El mayor formó una línea en sus labios y procedió a llamar a mi madre.

Tres llamadas seguidas indicando el buzón de voz y entonces sus ojos verdes me observaron. Era bastante pequeño, pero me seguía acordando de cómo aquellos orbes transmitían bastante preocupación.

—Que extraño —admitió—. Tendrían que haber llegado hace dos horas.

Y así empezó todo.

Cinco. Seis. Siete. Un día... y denunciamos sus desapariciones al departamento de policía.

Sin embargo no hicieron demasiado, y mi padre no tenía bastante dinero entre sus manos para hacer mover a los oficiales.

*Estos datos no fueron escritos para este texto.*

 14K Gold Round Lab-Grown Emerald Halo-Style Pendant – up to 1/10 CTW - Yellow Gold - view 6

La búsqueda de mamá y Evan duró dos semanas, luego de ello dejaron de buscarlos.

Recuerdo como mi padre se levantaba todas las noches a imprimir varios folletos con los rostros de ellos para pegarlos por todo el pueblo, a veces me hacía el dormido cuando me visitaba en mi habitación. Pero días después, decidí acompañarlo.

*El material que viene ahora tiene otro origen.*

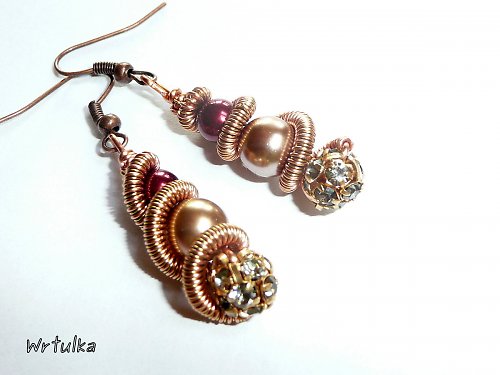 Naušničky " Spires - gold roses " — foto 3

No quería estar solo en casa.

Y a la edad de diez años, me encontraba en altas horas de la noche pegando folletos con mi padre mientras nuestras manos temblaban por las bajas temperaturas.

Pasaron los años. Mi padre entró en una depresión que fue tratada con el tiempo y ahora vive a base de pastillas para tratarla, sin embargo esta mejor que antes, ahora pasamos más tiempo juntos.

Los folletos fueron tapados por marcas patrocinadas o anunciando nuevas películas que estarían disponibles pronto.

Y así sus desapariciones quedaron en el olvido.

Salvo en los corazones de mi padre y el mío.

Cumplí los catorce años, cuatro años después de sus desaparición y mi padre dio por hecho que aquel par se encontraban muertos. No habían encontrado ningún cuerpo y mucho menos algún indicio de un suicidio o asesinato.

Nada.

Creé en mi cabeza una realidad donde ellos decidieron escapar de este lugar y vivir en otro país bajo otra identidad. Que idiota, cualquier estúpida idea me parecía la más acertada que creer en lo que estaba sucediendo.

Quince años, lloré por primera vez por sus muertes. Había dado por hecho que ellos no seguían con vida.

Diecisiete años, encuentro una extraña fotografía de mi hermano mayor en su habitación, en ella salían junto con mi madre y una mujer bastante extraña llamada Addarla Crowley.

Busqué su nombre por todas partes pero no daba indicios de nada, no tenía registros, antecedentes... nada. Sin embargo cuando había observado su rostro plasmado en aquella imagen supe de inmediato que algo extraño había en aquello.

Sin embargo no quería que aquellas esperanzas invadieran nuevamente mi cuerpo. Tenía que aceptar que estaban muertos. Y entonces guardé la fotografía en el mismo lugar y seguí con mi vida, con aquella sensación de vacío en mi pecho.

Dieciocho años, estaba cerca de la fecha de mi cumpleaños. Con mi padre decidimos mudarnos al otro lado del pueblo y entonces conocí a Freya. Al principio solo estábamos interesados en el sexo, nada más.

Pero con el tiempo nos volvimos buenos amigos, y entre tantas conversaciones entretenidas, ambos tuvimos la valentía de contar aquellos pasados que nos atormentaban.

Tenía un hermano muerto y en su habitación habían unas extrañas fotografías.

Y ambos llegamos a la misma conclusión: aquellas desapariciones tenían... alguna extraña similitud.